Rio de Janeiro, 28 de março de 1968, morria o estudante secundarista Edson Luís durante uma repressão policial a um protesto em frente ao restaurante “Calabouço”. 50 mil pessoas, entre trabalhadores, estudantes, intelectuais e artistas, foram acompanhar o enterro do jovem. Desde o início da ditadura militar, os conflitos entre estudantes e as forças policiais eram diárias nas ruas das principais cidades do país. No início desta guerra ao regime, a juventude configurava a mais forte oposição aos militares, dado que os políticos progressistas haviam sido cassados.


Em 26 de junho, foi realizada a Passeata dos Cem Mil, que contou com a adesão de parte dos setores religiosos, que exigiu o fim da censura, a redemocratização e o fim da repressão militar. A reação veio com o Comando de Caça aos Comunistas, o CCC, grupo de extrema-direita que, apoiado pelo regime militar caçava, atacava, torturava e assassinava qualquer sujeito considerado subversivo, entre eles, jornalistas, atores, músicos, líderes estudantis, intelectuais.
Mesmo com a proibição de greves durante o período de ditadura militar, a classe operária mostrava sua força perante o regime com as grandes greves dos metalúrgicos em Osasco/SP, que só terminaram com a invasão de tanques do exército e a paralisação e ocupação de fábricas realizadas por 16 mil operários, em Contagem/MG.

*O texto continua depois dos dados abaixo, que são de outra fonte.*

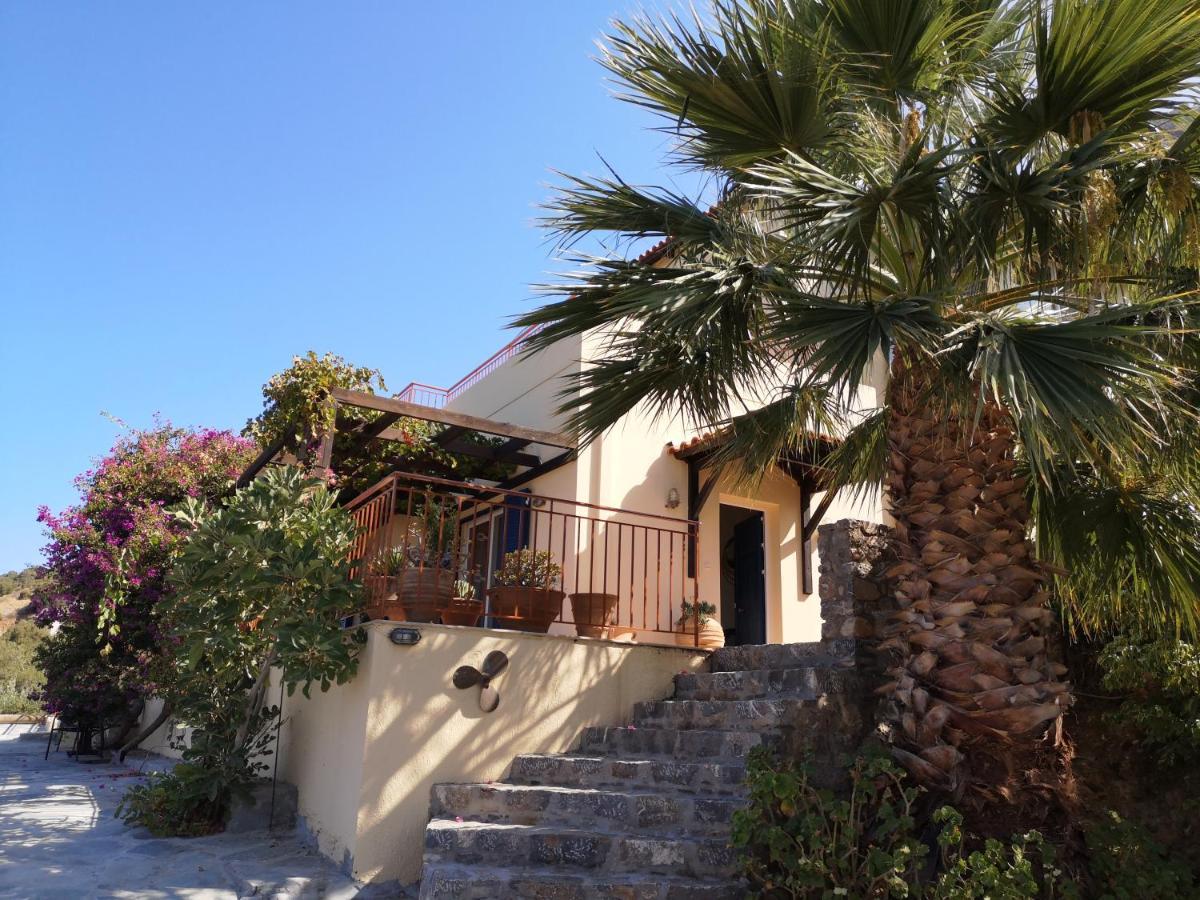 Villa Lir Tholos  Ngoại thất bức ảnh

Os estudantes tentavam se rearticular. Em outubro, no 30º Congresso da União Nacional dos Estudantes (UNE) 1.200 estudantes foram presos, gerando mobilizações em todo o país. O coroamento do poder militar veio em 13 de dezembro com o Ato Institucional Número 5, o AI-5, que decretou o fechamento do Congresso Nacional e tornou legal a legislação por decreto-lei. Pode-se dizer que o ano de 1968 começou no Brasil em 28 de março e terminou em 13 de dezembro, quando todas as liberdades foram de uma só vez aniquiladas pelo poder autoritário.

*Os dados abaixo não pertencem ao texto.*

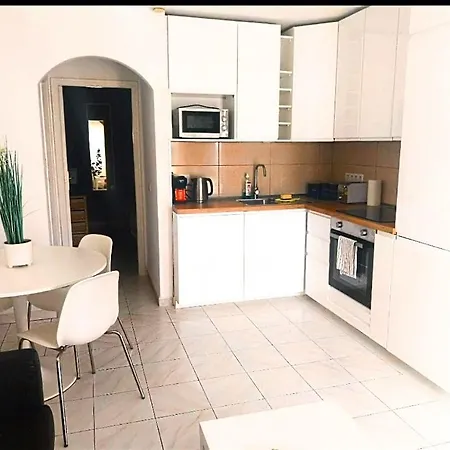 Apartment Bright & Spacious With Aircon Puerto del Carmen (Lanzarote)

A próxima movimentação de massas no Brasil viria a ocorrer somente em 1970, com o início do ciclo de lutas operárias no ABC paulista e com o movimento “Diretas Já”. Estas lutas culminaram com as concessões dos militares para o processo de redemocratização do Brasil, com a Constituinte, e as eleições diretas de 1985, dando início aos anos 90, marcados pelo triunfo da política neoliberal. A retomada neoliberal marcou uma profunda apatia política, que dura até hoje nos diversos setores da sociedade brasileira.